Die Rückkehr der gegerbten Urwesen

Berlin · 49 Jahre nach ihrem legendären, in Krawallen endenden Auftritt in der Berliner Waldbühne kehrten die Rolling Stones am Dienstag an den Ort des Geschehens zurück – und begeisterten 22 000 Zuschauer.

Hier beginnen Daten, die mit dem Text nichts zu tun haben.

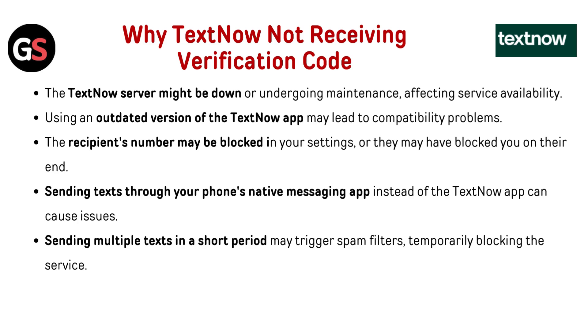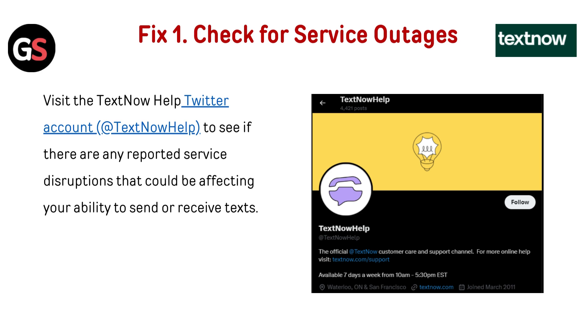Why is TextNow not receiving verification codes? The TextNow server might be down or undergoing maintenance, affecting service availability. Using an outdated version of the app may lead to compatibility problems. The recipient's number may be blocked in your settings, or they may have blocked you. Sending texts through your phone's native messaging app instead of the TextNow app can also cause issues.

Einige Fans versuchten, über den Zaun zu klettern. Einigen bekam die Hitze nicht, schon gar nicht die Kombination von praller Sonne und Bier. Viel mehr Vorfälle musste die Polizei am Dienstagabend beim Konzert der Rolling Stones in der Berliner Waldbühne nicht zu Protokoll nehmen. Vor 49 Jahren war das anders: Damals spielten die Stones zum ersten Mal hier. Das Publikum war im Schnitt 30 Jahre jünger als 2014, die Stimmung aufgeheizt. Von der Presse waren Mick Jagger und Co. vor dem Konzert zu Brandbeschleunigern für den Untergang des Abendlandes stilisiert worden. Nach nur 20 Minuten Konzert gab es kein Halten mehr: Die ehemalige "Ting-Stätte" der Nazis wurde in Schutt und Asche gelegt und war über Jahre hinweg nicht mehr zu gebrauchen. Es war der Vorabend der Revolution; welche Rolle die Musik für den Aufbruch der 68er gespielt hat, lässt sich an dieser Entladung von Energie, Anarchismus und Wut gut nachvollziehen.

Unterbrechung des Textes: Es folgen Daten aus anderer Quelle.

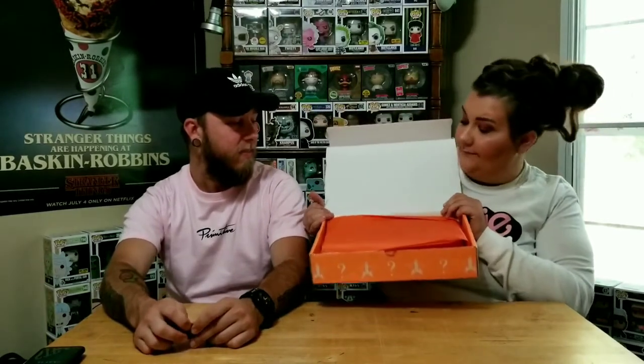Opening the Jeffree Star box — all his stuff is over-the-top packaged, which I love. Inside there's tissue paper. We'll link his YouTube, Instagram, and store page in the description below. For anybody who does both Funko and makeup, this would be perfect. Let's see what's in here — she's been pestering me all day waiting to open it.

Einige, die 1965 in die Schlacht gezogen waren, mögen auch 2014 - ergraut und längst durch alle Institutionen marschiert - dabei gewesen sein, und Keith Richards dürfte bei seiner Begrüßung manchem aus dem Herzen gesprochen haben: Es sei ein Vergnügen, hier zu sein, sagte er mit vom Bier schwerer Zunge. Es sei ein Vergnügen, überhaupt noch irgendwo zu sein.

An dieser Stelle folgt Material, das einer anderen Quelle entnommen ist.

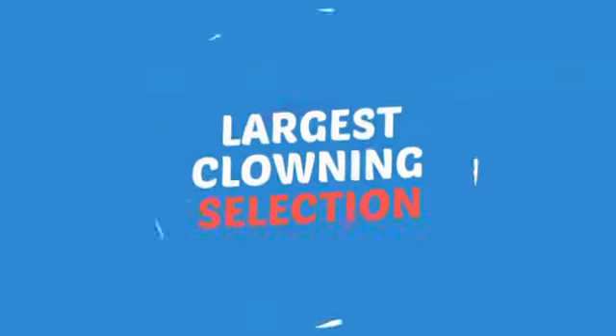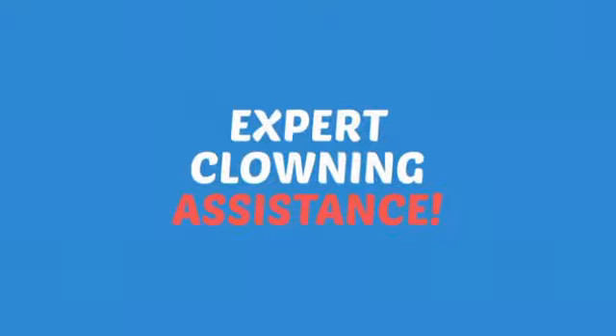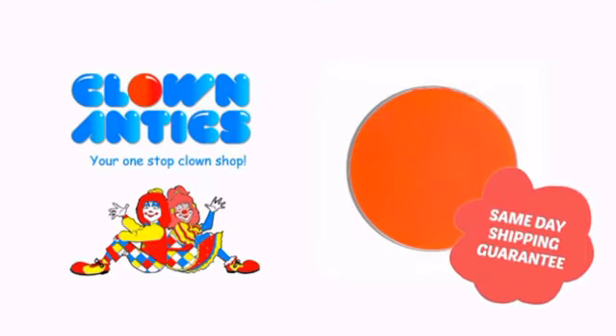Need more reasons to shop with us? With the largest selection of clown supplies, expert clown assistants and guides, we help you make people smile. So clown around with us at Clown Antics.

Doch man sollte sich von der gegerbten Verlebtheit des Gitarristen nicht täuschen lassen - er schrammelt die berühmten Riffs von "Gimme Shelter" oder "Jumpin' Jack Flash" instinktiv, das Image des exzessiven Rock'n'Rollers ist auch Produkt einer gelungenen Vermarktungs-Arbeit. Neben dem Charme- und Vitalbolzen Mick Jagger, der seine rudimentären Deutschkenntnisse in den Ansagen zum Besten gab, wirkt Richards wie ein zerknautschtes Urwesen aus den Sümpfen des Mississippi-Deltas. Über zwei Stunden hüpft und tänzelt der 70-jährige Jagger über die Bühne. Charlie Watts gibt dazu den Blues-Takt vor - jahrzehntelang derselbe Beat, schrieb Diedrich Diederichsen einmal. Da fange irgendwann der Hospitalismus an.

Um keine Missverständnisse aufkommen zu lassen: Das Konzert ist wider Erwarten großartig; und das nicht im Sinne einer glatt-kalkulierten Unterhaltungsshow (was es natürlich auch ist). Perfekt ist vielmehr die spielerische Wucht, die gar nicht altmännerhafte Virilität, die in diesen eigentlich zu Tode gespielten Stücken steckt. Verwirrend ist die Nonchalance, mit der die Stones ihre eigene Geschichte vor sich hertragen, ohne melancholisch zu werden. Man kann sich immer wieder, wenn man den alten sieht, für Momente den jungen Mick Jagger vorstellen. Erstaunlich, dass eine Band die Gesetze von Zeit und Raum außer Kraft zu setzen vermag. Seit 1962 hat sich bei den Stones musikalisch nicht viel getan. Man eifert noch immer den verehrten schwarzen Bluesmusikern nach. Am deutlichsten wird das bei "Midnight Rambler", zu dem sich der Kurzzeit-Stone Mick Taylor dazu gesellt. Über zehn Minuten vergnügen sich Richards, Taylor und Ron Wood an der Nummer, pressen den letzten Saft aus ihr heraus, weiden sich an ihren kreischenden Gitarren, während Jagger die Mundharmonika auf schönste Weise traktiert.

Nostalgie kommt nur bei den Fans auf; auf der Bühne herrscht das Jetzt. Mit einem Feuerwerk zu "Satisfaction", wird man in die glühendheiße Berliner Nacht entlassen.